To attach real dimensions to their maps, the researchers roam around on the beach with a GPS unit, noting the coordinates of specific locations. In a pinch, anything can be a ground control point – on one memorable day, dog-poo bags marked the GPS locations (although deVries is quick to point out that the baggies contained only sand – not feces).

Although many people find the beach a relaxing place, Goldstein says that some of these trips to the coast have actually been “pretty stressful.” Particularly windy weather can sour a field excursion since strong wind can send the kite into a nosedive. To solve this problem, Goldstein dove headfirst into the physics of kite flying literature (yes, that exists), and the team picked up a more stable kite with a keel.

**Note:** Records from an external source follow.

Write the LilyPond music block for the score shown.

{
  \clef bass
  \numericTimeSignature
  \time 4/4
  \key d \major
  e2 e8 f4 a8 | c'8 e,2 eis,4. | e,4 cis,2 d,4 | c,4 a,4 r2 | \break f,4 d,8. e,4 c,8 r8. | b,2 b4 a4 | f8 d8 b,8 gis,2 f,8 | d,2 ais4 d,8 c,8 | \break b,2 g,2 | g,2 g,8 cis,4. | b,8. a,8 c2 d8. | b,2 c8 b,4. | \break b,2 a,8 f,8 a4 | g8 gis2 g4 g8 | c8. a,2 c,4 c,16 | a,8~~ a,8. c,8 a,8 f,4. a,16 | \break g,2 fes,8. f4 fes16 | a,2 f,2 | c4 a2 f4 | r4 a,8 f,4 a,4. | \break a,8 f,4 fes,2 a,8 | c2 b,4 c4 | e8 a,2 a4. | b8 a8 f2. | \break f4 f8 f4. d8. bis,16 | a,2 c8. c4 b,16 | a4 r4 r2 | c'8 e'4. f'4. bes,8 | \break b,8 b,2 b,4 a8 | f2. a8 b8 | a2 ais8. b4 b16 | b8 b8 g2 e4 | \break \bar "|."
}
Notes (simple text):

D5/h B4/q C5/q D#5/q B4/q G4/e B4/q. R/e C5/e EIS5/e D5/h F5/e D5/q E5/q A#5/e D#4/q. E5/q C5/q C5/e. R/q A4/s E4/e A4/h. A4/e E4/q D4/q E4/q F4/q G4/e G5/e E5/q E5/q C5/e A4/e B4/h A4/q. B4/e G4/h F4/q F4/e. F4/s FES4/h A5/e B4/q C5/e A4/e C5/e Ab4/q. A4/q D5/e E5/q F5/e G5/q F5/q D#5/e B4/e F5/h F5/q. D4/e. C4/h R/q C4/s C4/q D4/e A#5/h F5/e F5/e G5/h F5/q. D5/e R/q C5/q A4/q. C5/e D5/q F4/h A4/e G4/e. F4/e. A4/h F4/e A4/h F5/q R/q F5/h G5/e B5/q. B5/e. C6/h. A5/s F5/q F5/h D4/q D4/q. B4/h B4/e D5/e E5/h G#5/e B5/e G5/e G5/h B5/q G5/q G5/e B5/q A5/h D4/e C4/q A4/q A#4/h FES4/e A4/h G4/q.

Evan Goldstein snaps a selfie with one of the airborne cameras. Both images courtesy of Evan Goldstein.

Now that they know how to capture these bird’s eye images and turn them into topographic maps, Goldstein is setting his sights on “capturing time series – going back to the same site repeatedly over and over again.” They hope that building a series of 3D maps will show them how plants and dunes change together.

Taking pictures with kites instead of, say, drones, which are increasingly used for aerial photography, may seem delightfully quirky and old-fashioned, but cost and legality make kites an appealing option. Even though the kind of kites able to support a camera cost a little more than tuppence for paper and string, they can still be less pricy than drones. Goldstein also points to “the regulatory advantage” as a key reason that kites will be keeping this research aloft in the upcoming months.

Author’s note: Although I am not involved in the kite mapping project, I am a MS student in the same lab as Dr. Evan Goldstein and PhD candidate Elsemarie deVries, under the direction of principal investigator Dr. Laura Moore. Dr. Kenneth Ells of UNC-Wilmington is an additional collaborator on this project.